Intel is creating a new way to push PC makers to get ready for “a new class of advanced laptops.” Dubbed “Project Athena,” Intel’s push involves 5G and artificial intelligence support wrapped up in what looks like Ultrabooks part two. Intel is creating annual specs that manufacturers will need to adhere to for a certification process.
It all sounds very similar to the set of specifications the industry followed to create Ultrabooks, a marketing label desirable enough that it pushed some laptop makers to adopt thinner designs, faster storage, and longer battery life more quickly.
While Ultrabooks pushed laptop makers to focus on thin and light machines, Intel’s focus with Project Athena is vague. “Designed to enable new experiences and capitalize on next-generation technologies, including 5G and artificial intelligence,” explains Intel. We reached out to Intel for details on any concrete specs the company will require PC makers to adhere to, but Intel says it’s not sharing those yet.
Intel does have some focus areas for Project Athena, though. 5G and AI are top of the list, but a promise of minimizing the time between opening a laptop lid to it resuming is also part of the Project Athena mission. All day battery life, adjustable form factors, and performance are also on the list, though many existing PC designs arguably already focus on this.

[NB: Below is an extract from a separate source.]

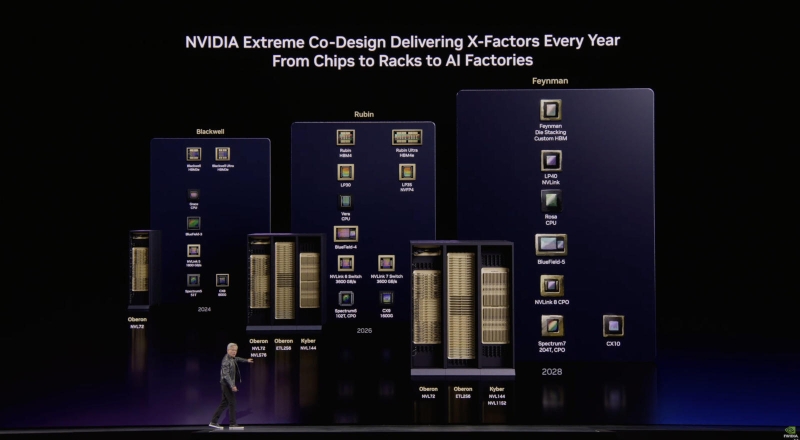 Nvidia раскрыла свежие планы&nbsp;&mdash;&nbsp;в 2027 году появится Rubin Ultra, а на 2028 год запланирована Feynman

Intel is providing PC makers with a roadmap to start bringing Project Athena devices to the market in the second half of 2019. Acer, Asus, Dell, Google, HP, Innolux, Lenovo, Microsoft, Samsung, and Sharp are all working on Project Athena. Devices will include Chrome- and Windows-powered laptops. Project Athena comes just as Intel has announced that 10nm Ice Lake processors will be available in laptops in time for the holiday season later this year.